Niemcy podburzali Ukraińców w ich nienawiści, pośrednio wyręczając się nimi w mordzie Polaków. W 1943 roku rozpętała się rzeź, która trwała prawie dwa lata. Sąsiad mordował sąsiada, a często i własną żonę lub dzieci, jeśli mieli w sobie Polską krew. Mordowali w sposób okrutny, Ci, którzy zginęli od kuli wystrzelonej z broni palnej mieli szczęście bo w większości przypadków ludzie ginęli od siekier, wideł, kos, byli paleni żywcem lub dosłownie rozrywani na strzępy. Najbardziej przeraża fakt, że takie zło może zrodzić się w zwykłym człowieku, który nie jest specjalnie przeszkolonym do zabijania żołnierzem…
„Moje największe marzenie nie dotyczyło pracy czy rodziny. To była zupełnie inna kategoria marzeń. Wiadomo, że dla swoich dzieci chciałam jak najlepiej; że jak Mirek leciał w kosmos, to też marzyłam, żeby wrócił cały i zdrowy. Ale najważniejsze marzenie miałam tylko raz, wtedy, jak biegłyśmy z Anią do Zurna. Marzyłam, żeby umrzeć od kuli, a nie od siekiery. Pamiętam to dobrze. Ojciec nas uczył: nie dajcie się złapać. Biegnijcie. Nie kłaść się, nie zatrzymywać. Kto się zatrzyma, będą go torturować. Straszne marzenie, kiedy pan pomyśli, że byłam jeszcze dzieckiem, prawda?”*.
… Ale znaleźli się także dobrzy Ukraińcy.
I o tym właśnie pisze Witold Szabłowski w swojej książce. Jeździł po Polsce i po Ukrainie, aby zebrać informacje od żyjących jeszcze świadków tych przerażających wydarzeń o Ukraińcach, którzy ratowali Polaków. Mimo, że za to groziła śmierć. Dociera do wielu osób, które ocalały lub udzielały pomocy ocalonym. Autor przeprowadził swojego rodzaju śledztwo, aby wśród prostych ludzi dotrzeć do informacji o rzezi Wołyńskiej.

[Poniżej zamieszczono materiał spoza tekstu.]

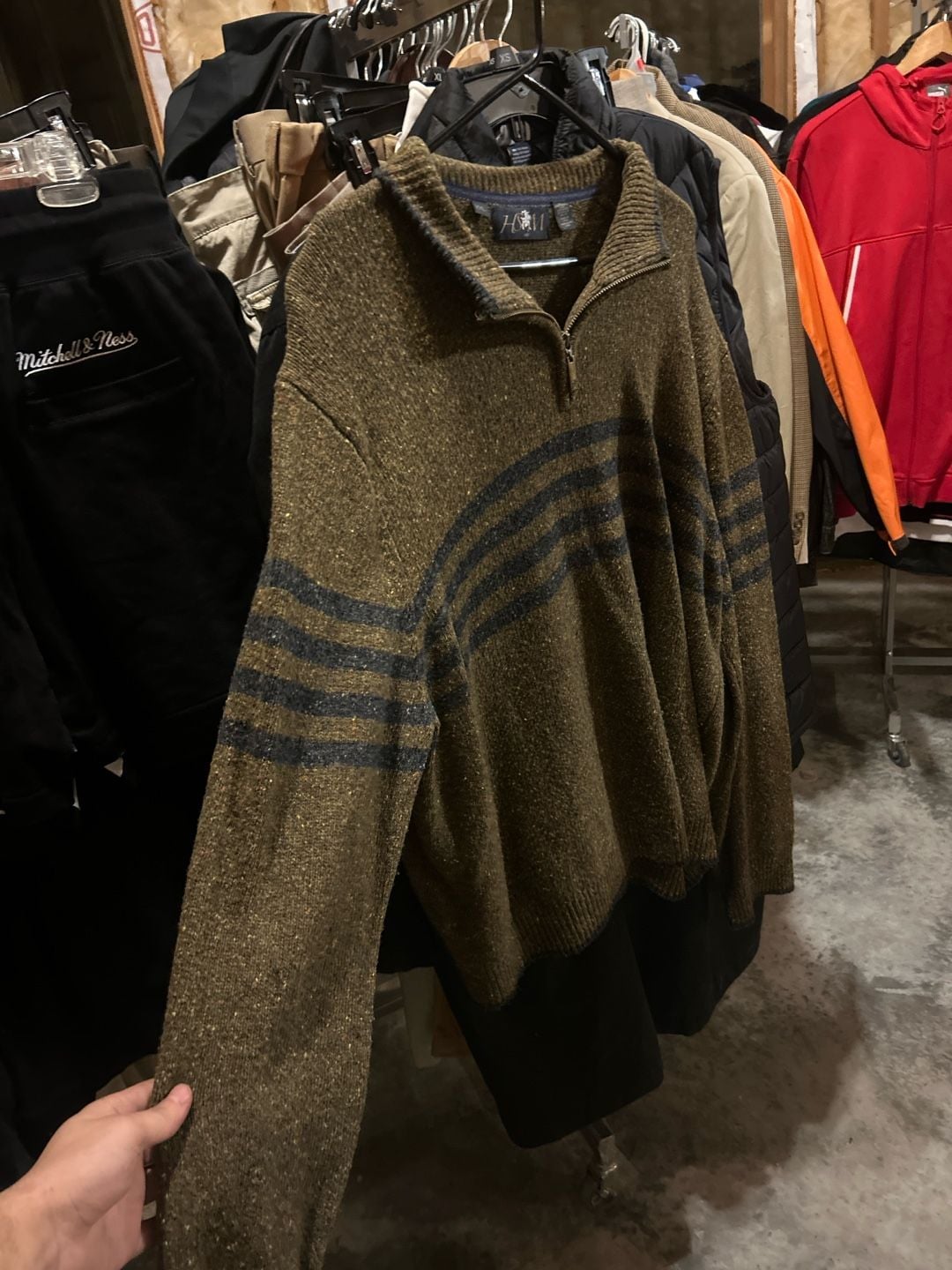 Hart Schaffner Marx HSM XXL 1/4 Zip Lambswool Blend Marled Olive Striped Sweater 3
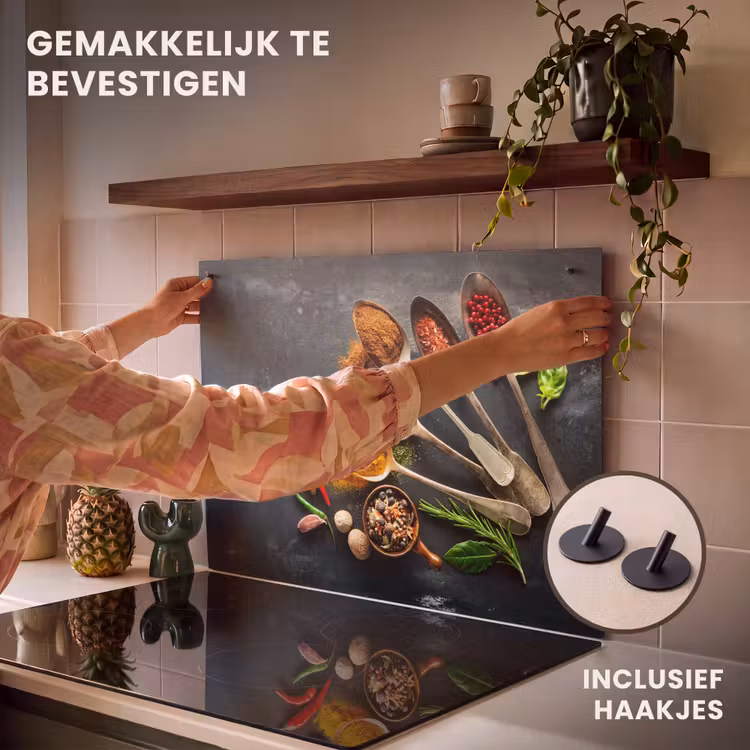 Inductie beschermer en spatscherm (2in1) - Kruiden - Lepels - Specerijen - Betonlook - Grijs — 7
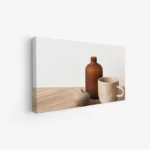 لوحة طبيعة هادئة - زجاجات وأكواب - ألوان دافئة - هادئ - لوحات فن عصري - لوحات كانفاس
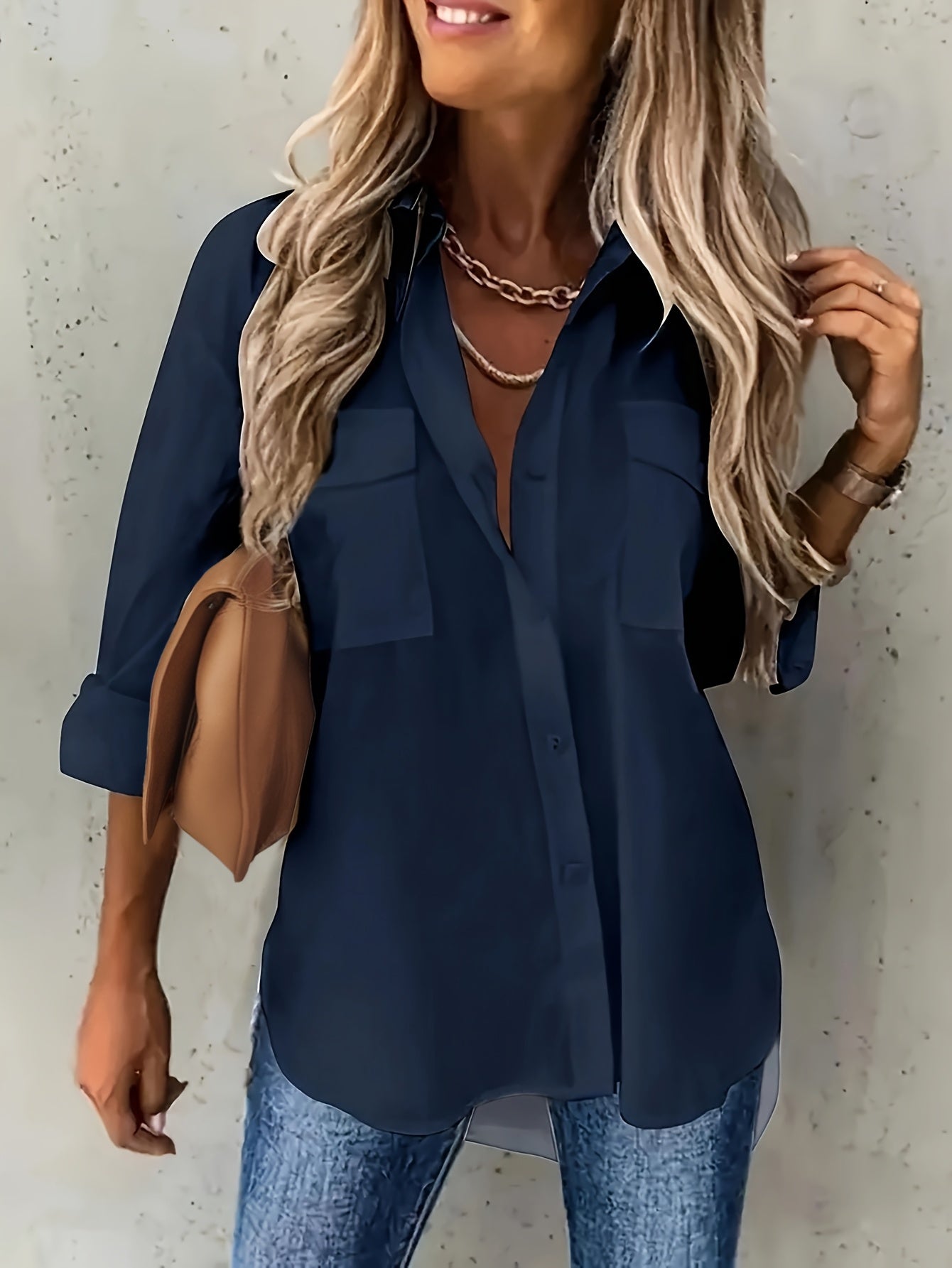 Plus Size Women's Chambray Short Sleeve Button-Up Shirt Casual Office Wear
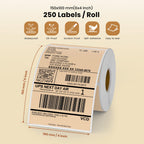 Khaki Thermal Labels 4 × 6 Inch Waterproof Vinyl Stickers 250 PCS Khaki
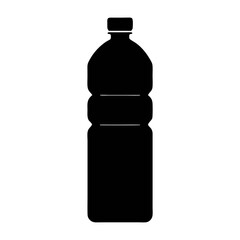A black silhouette of a plastic water bottle isolated on white background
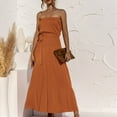 thumbnail image 2 of Birdeem Womens Spring and Summer Open Back Ruffle Solid Casual Sleeveless Straight Shoulder Dress, 2 of 9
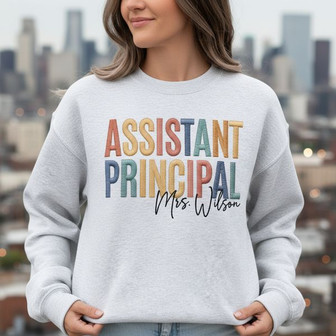 Custom Retro Embroidered Sweatshirt for Assistant Principals - Thegiftio
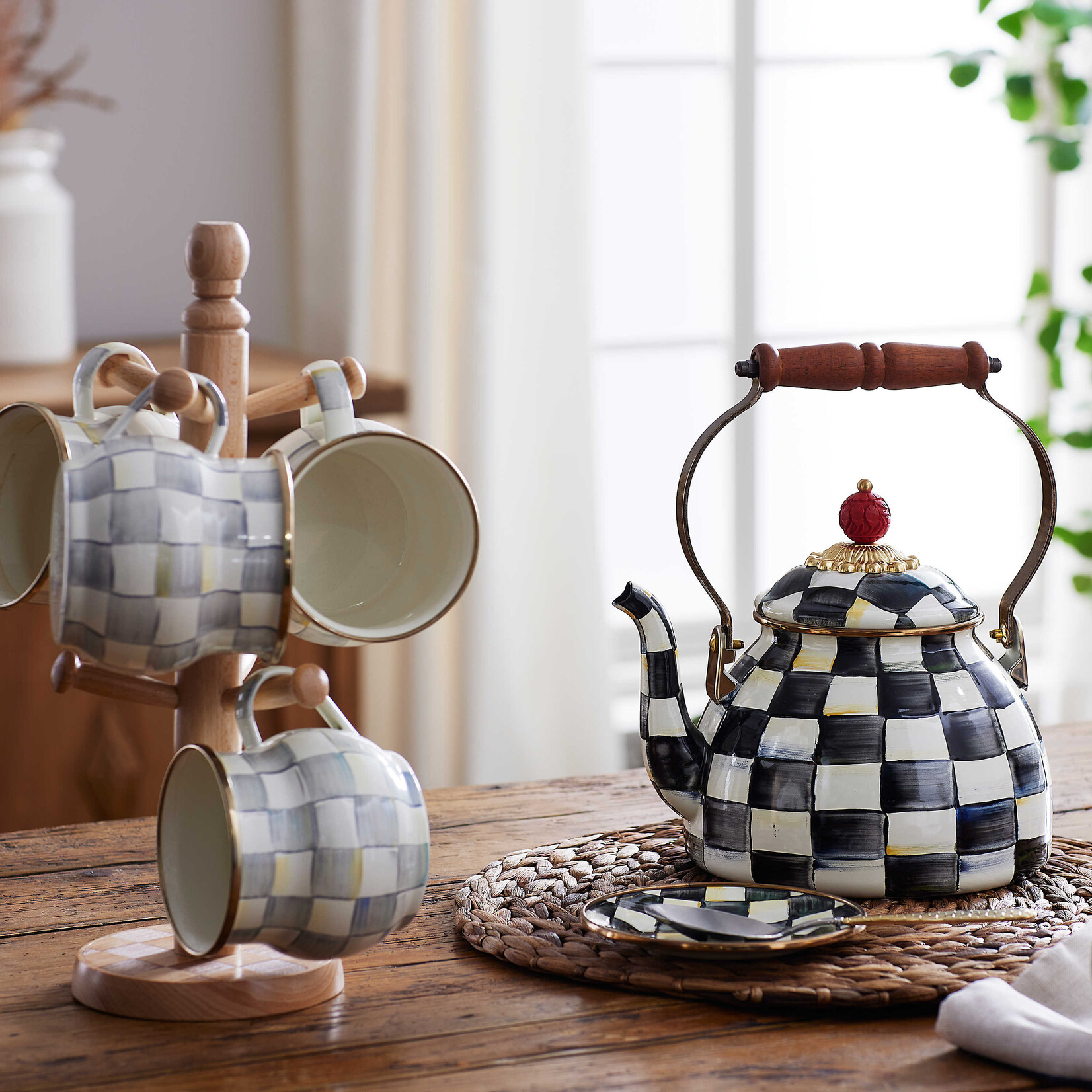 MacKenzie-Childs Courtly Check 2 Quart Tea Kettle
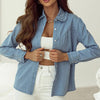 Sugar & Lace Womens Turn-down Collar Chambray Blouse Dusk Blue - SL7821214-P704
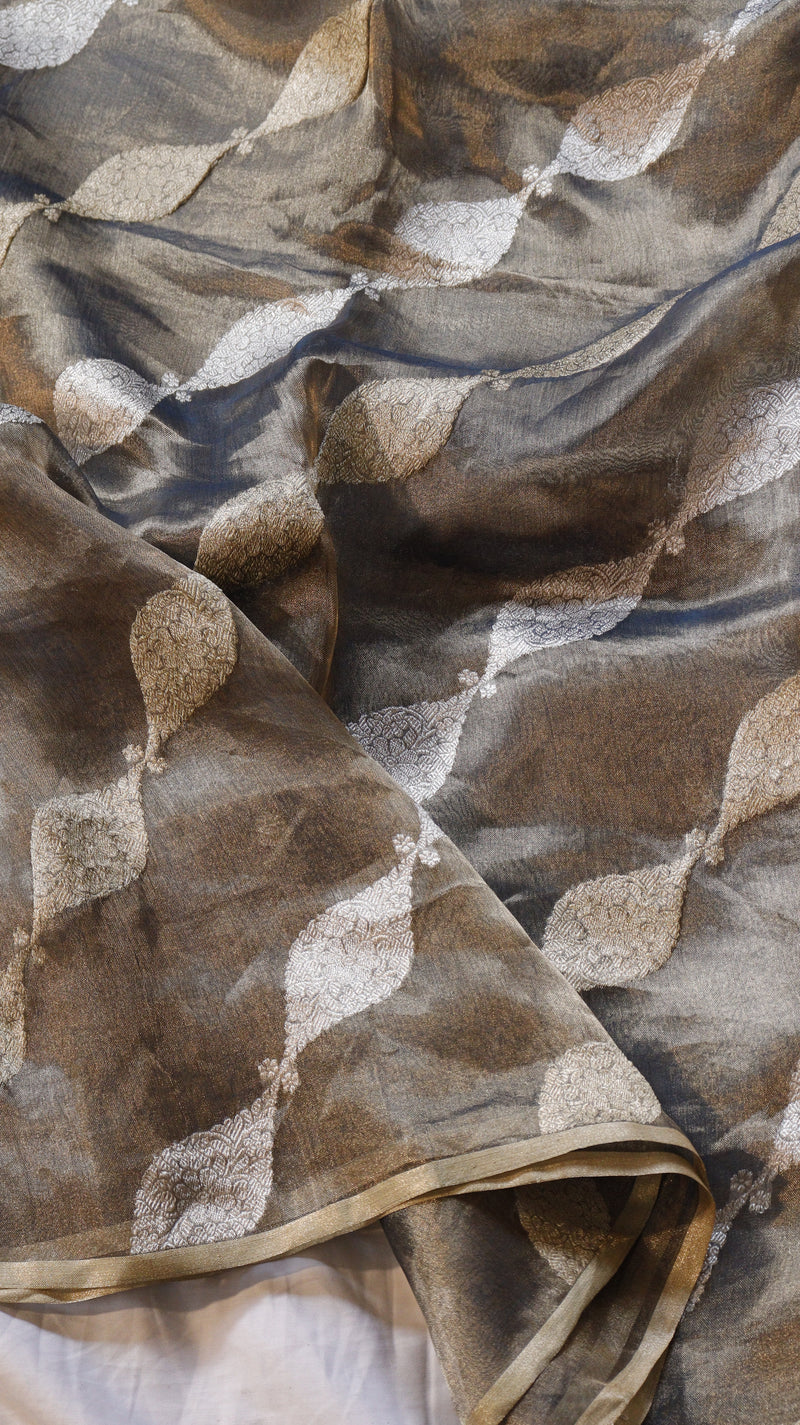 Black Pure Tissue Silk Handloom Saree with Silver & Golden Zari Leaf Shaped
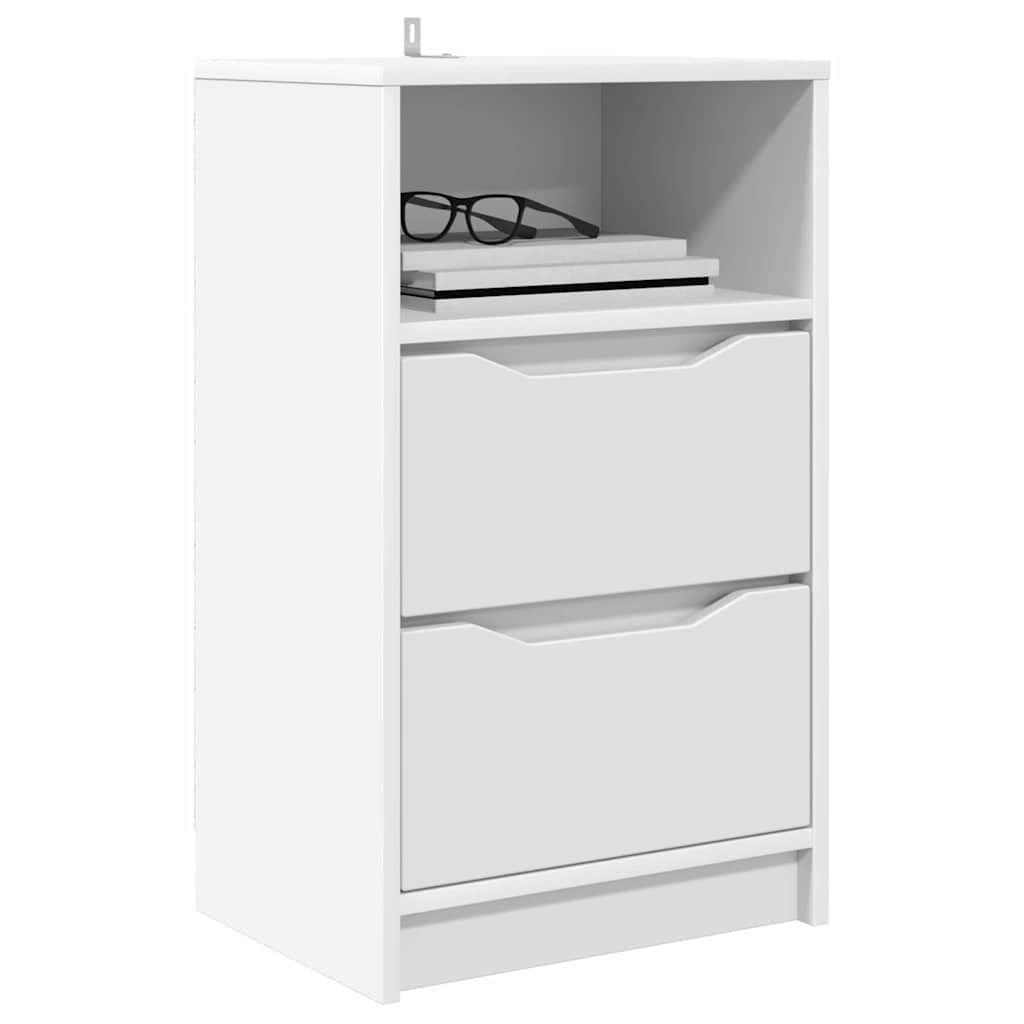Sengeborde 2 pcs Hvid 40 x 30 x 467 cm Konstrueret træ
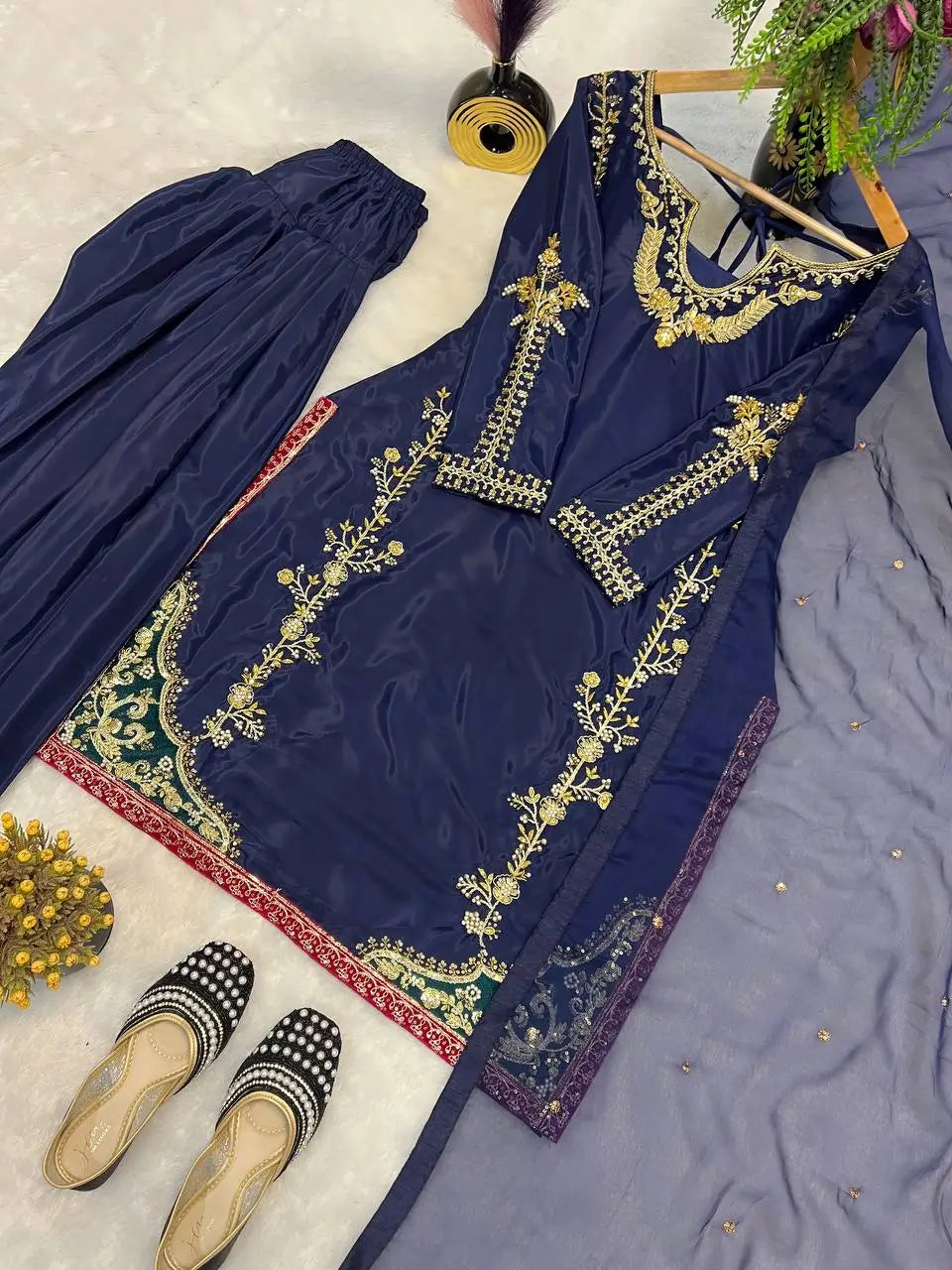 Designer Crepe Silk Embroidered Suit Set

To naprawdę kawał dobrej roboty. Dzięki niemu poznajemy historię osób, których niedługo może już wśród nas nie być. Autor nie tylko napisał bardzo dobrą książkę upamiętniającą wydarzenia, o których niewiele się mówi, ale także udało mu się połączyć rodziny rozdzielone podczas rzezi Wołyńskiej. Rzadko płaczę podczas czytania książek, a podczas czytania literatury faktu nigdy mi się to dotąd nie zdarzyło, ale tym razem nie wytrzymałam. Ta lektura ma tak duży ładunek emocjonalny, że będzie mi ciężko o niej zapomnieć.
* Szabłowski W., Sprawiedliwi Zdrajcy. Sąsiedzi z Wołynia, Wydawnictwo Znak, Kraków 2016 r., str. 85.